Turkey: Media Ban On Corruption Case ‘Protects Thieves’
The leader of the Turkish opposition has claimed that the media ban on a major corruption investigation serves only to protect thieves.
The Turkish media regulator on Wednesday issued a country-wide ban on the coverage of a parliamentary commission probing corruption allegations against four ex-ministers.
But Kemal Kilicdaroglu, who heads the Republican People’s Party, told a party meeting in Istanbul, "Since when has parliament taken the role of protecting thieves." He also publicly accused parliament speaker Cemil Cicek of seeking the ban, an allegation Cicek denies.
Muammer Guler, Erdogan Bayraktar, and Zafer Caglayan - Turkey’s interior, environment, and economy ministers respectively - stepped down last year after their sons were charged for bribery in December 2013. The bribes were allegedly linked to illegal construction permits in Istanbul and the smuggling of gold into Iran, in contravention of US sanctions.

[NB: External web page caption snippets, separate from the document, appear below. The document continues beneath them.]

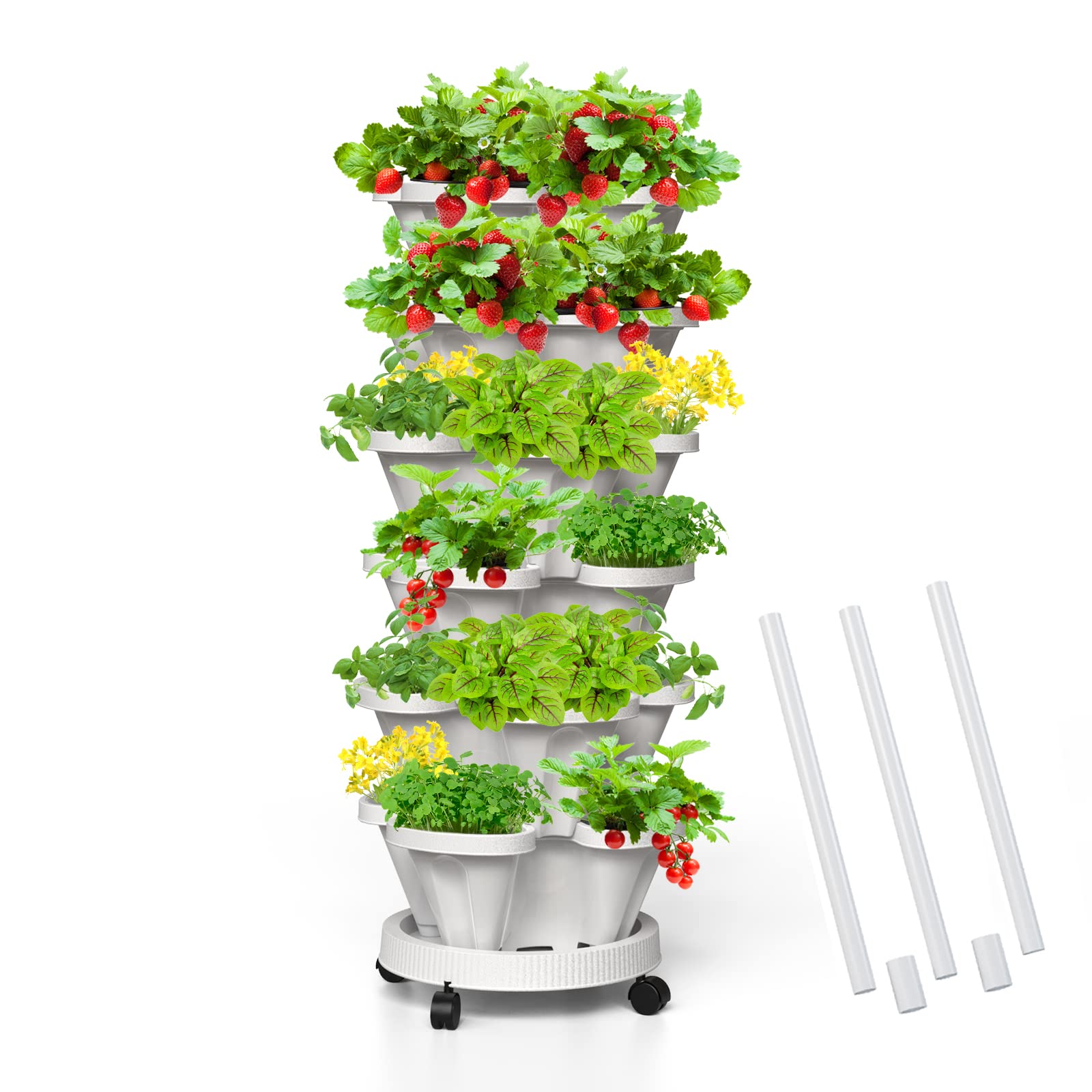 6 Tier Stackable Strawberry Planter with Support Pole - Vertical Garden Tower for Herbs, Vegetables, Fruits - Indoor & Outdoor Use (White) | Perfect for Small Spaces, Balconies, Patios & Urban Gardening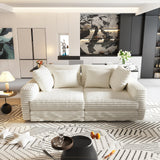 Ball & Cast 4 Seater Cloud Sectional Couch,102.4" Modern Modular Sectional Sofa with Deep Seat & Pillows,Plush Corduroy Comfy Convertible Sofa Couches for Living Room,Beige Ball & Cast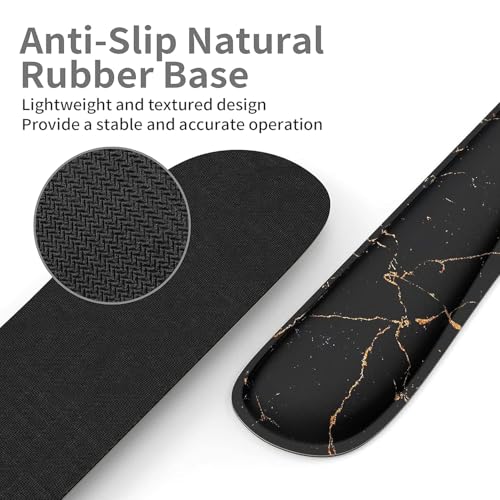 Image of Storite Mouse Pad Wrist Support, Memory Foam Keyboard Wrist Pad & Wrist Rest Set for Computer Keyboard for Easy Typing & Pain Relief for Office & Home (Black Marble Design)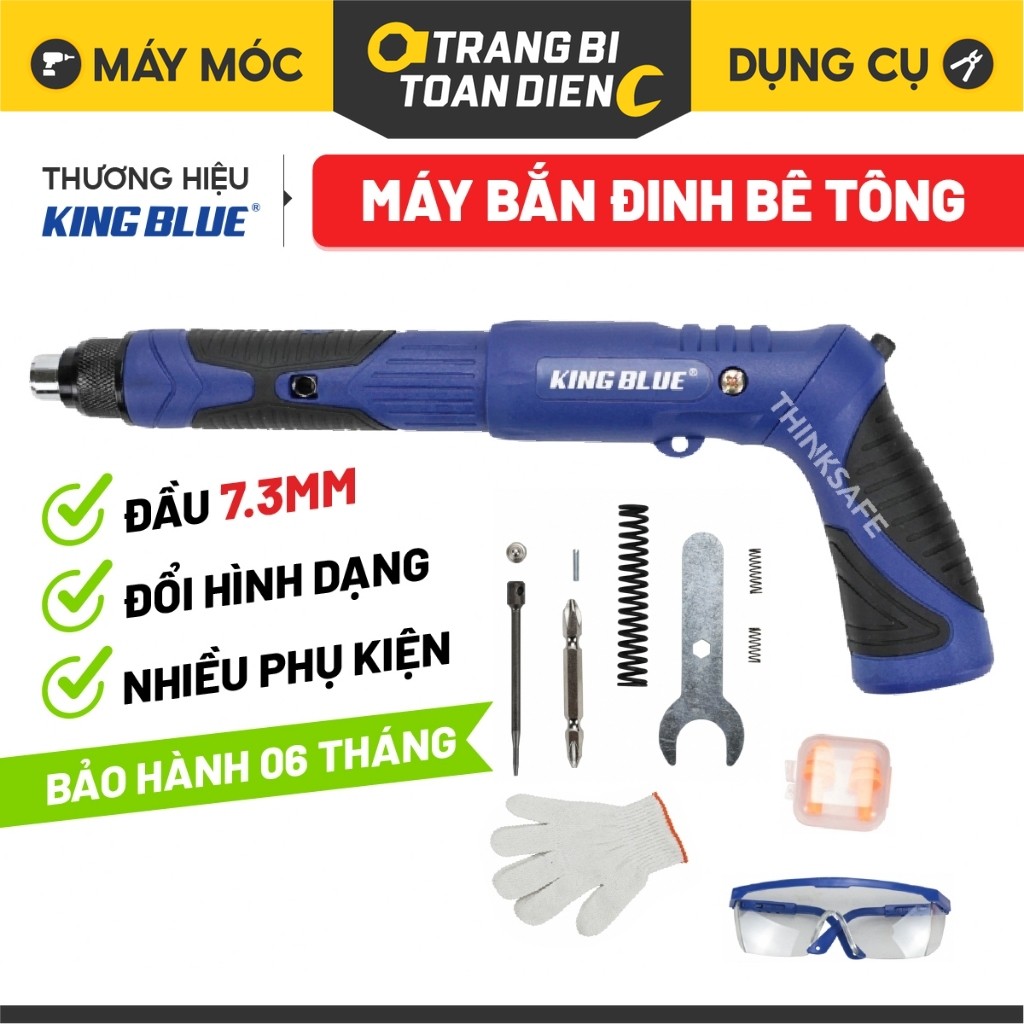 Dụng cụ bắn đinh bê tông Kingblue KFF-73 đầu 7.3mm kèm phụ kiện, Máy bắn đinh có thể gập thẳng chất liệu thép carbon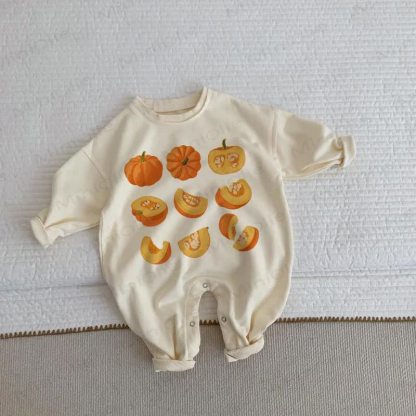 Baby Toddler Pumpkin Beige Romper - Beige - 2-3T - image 1
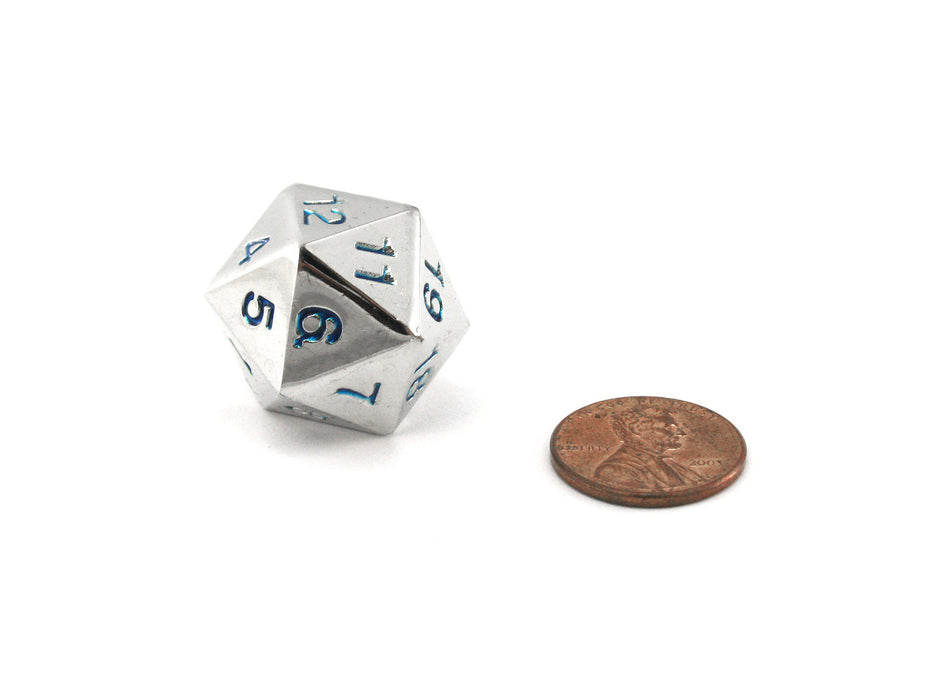 Large 22mm Zinc Metal Alloy Countdown D20 Dice w Black Bag, 1 Pc - Blue Numbers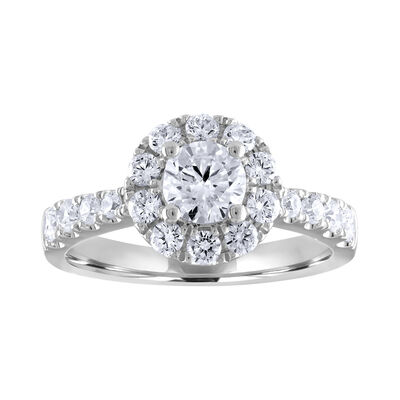 Brilliant-Cut Lab Grown 1 1/2ctw. Halo Engagement Ring in 14k White Gold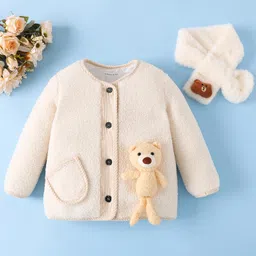 Mark & Mia Full Sleeves Fur Winter Jacket With Teddy Bear Applique & Muffler - Beige-picture-31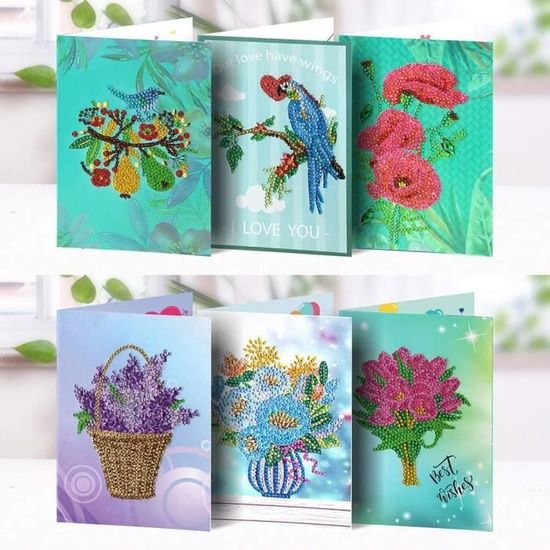Kit 6 Cartes De Noël Diamond Painting DIY - Broderie Paillettes Avec Enveloppes - Activité Créative, Cadeau Fait Main - 4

The EU affairs minister Egment Bagis was also removed from office due to his suspected involvement, reports Reuters.
According to Deutsche Welle, the Supreme Board of Radio and Television in Turkey has told media no reports are to broadcast on the progress of the investigation until it is finished on December 27 and that penalties will be imposed on those who disobey.
They justify the ban by claiming that media reports had thus far “violated the confidentiality of the investigation and the principle of presumption of innocence.”
Several newspapers, including left-leaning Cumhuriyet, vowed to defy the order.